<<<<

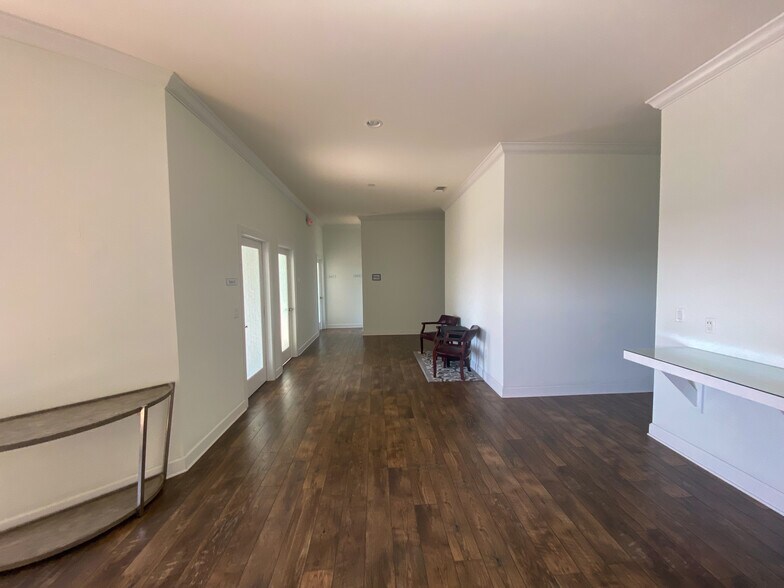 More Photos Of 327 S County Highway 393, Santa Rosa Beach Medical For Lease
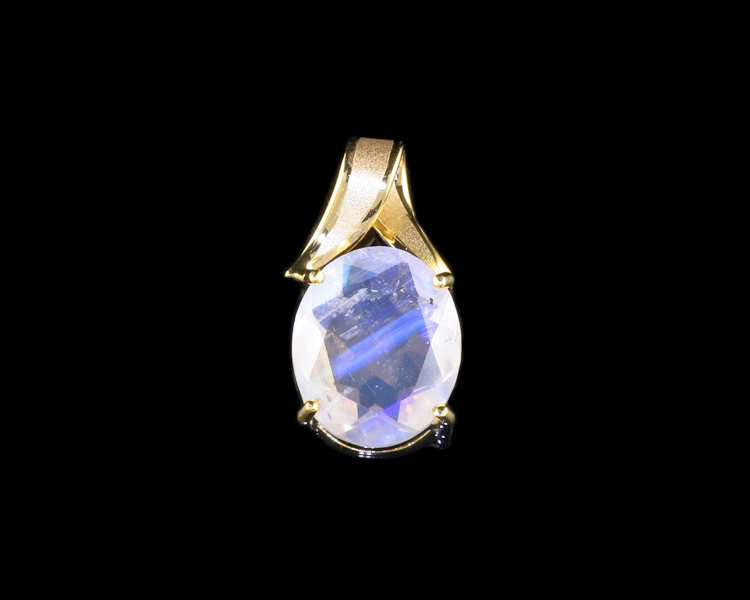 Moon stone pendant - Click Image to Close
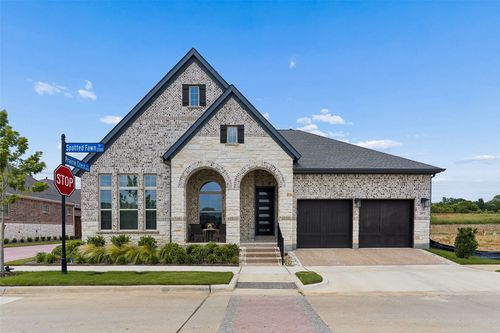 2073 Spotted Fawn Dr, Arlington, TX, 76005-1423 | Card Image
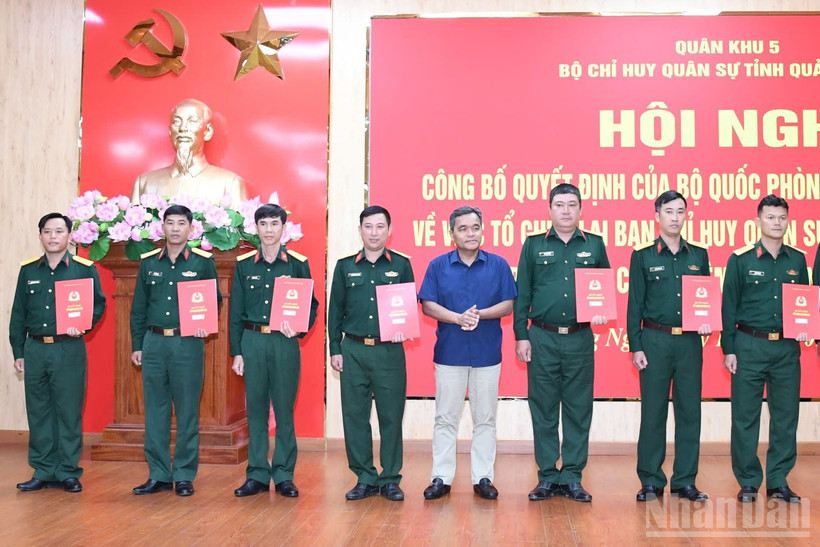 Đồng chí Hồ Văn Niên, Ủy viên Trung ương Đảng, Bí thư Tỉnh ủy, Bí thư Đảng ủy Quân sự tỉnh Quảng Ngãi, trao quyết định cho đội ngũ sĩ quan chính quy giữ chức Chỉ huy trưởng Ban Chỉ huy Quân sự cấp xã.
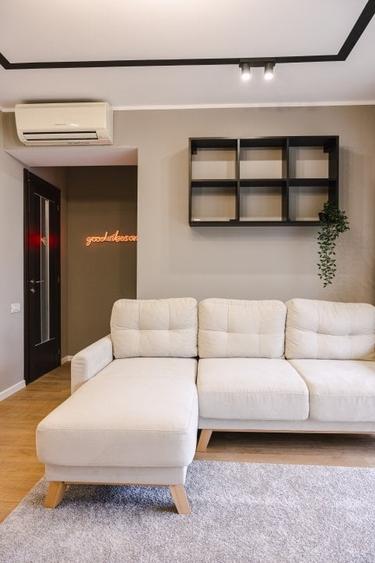 Apartament cu 3 camere semidecomandat în P-ța Victoriei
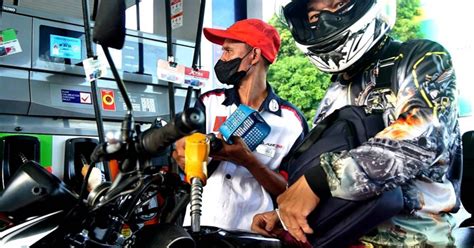Below P1 per liter oil price rollback set Nov. 21 .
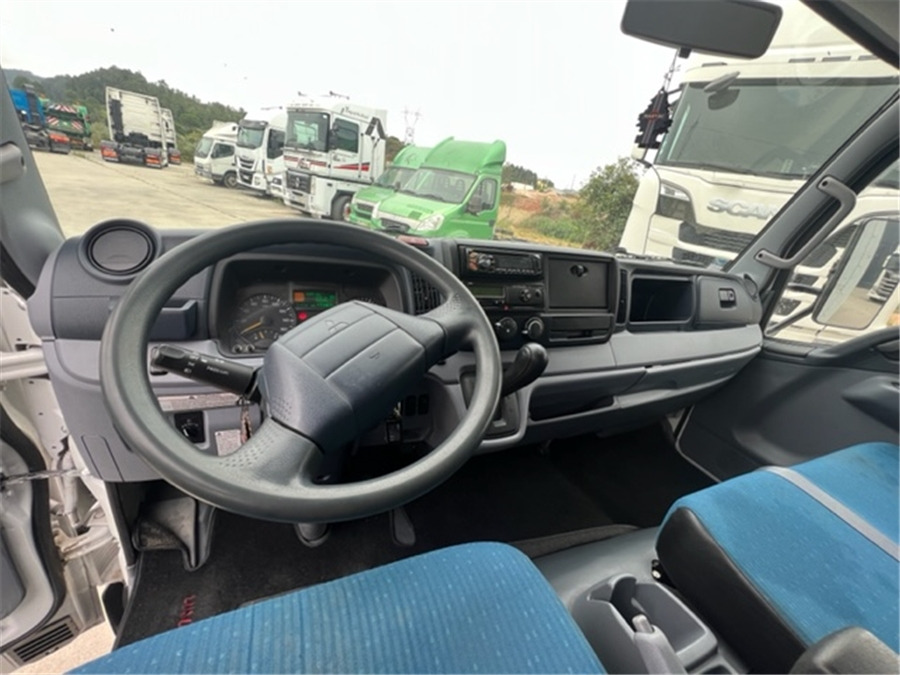 Foto d'interni 1: Autocarro cella isotermica Mitsubishi 7C18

>>>>

▶ **How to complete this task**
Transcribe all of the data above verbatim but omit every picture.

▶ **Finished exercise**
 More Photos Of 327 S County Highway 393, Santa Rosa Beach Medical For Lease
 Moon stone pendant - Click Image to Close
 2073 Spotted Fawn Dr, Arlington, TX, 76005-1423 | Card Image
 Đồng chí Hồ Văn Niên, Ủy viên Trung ương Đảng, Bí thư Tỉnh ủy, Bí thư Đảng ủy Quân sự tỉnh Quảng Ngãi, trao quyết định cho đội ngũ sĩ quan chính quy giữ chức Chỉ huy trưởng Ban Chỉ huy Quân sự cấp xã.
 Apartament cu 3 camere semidecomandat în P-ța Victoriei
Below P1 per liter oil price rollback set Nov. 21 .
 Foto d'interni 1: Autocarro cella isotermica Mitsubishi 7C18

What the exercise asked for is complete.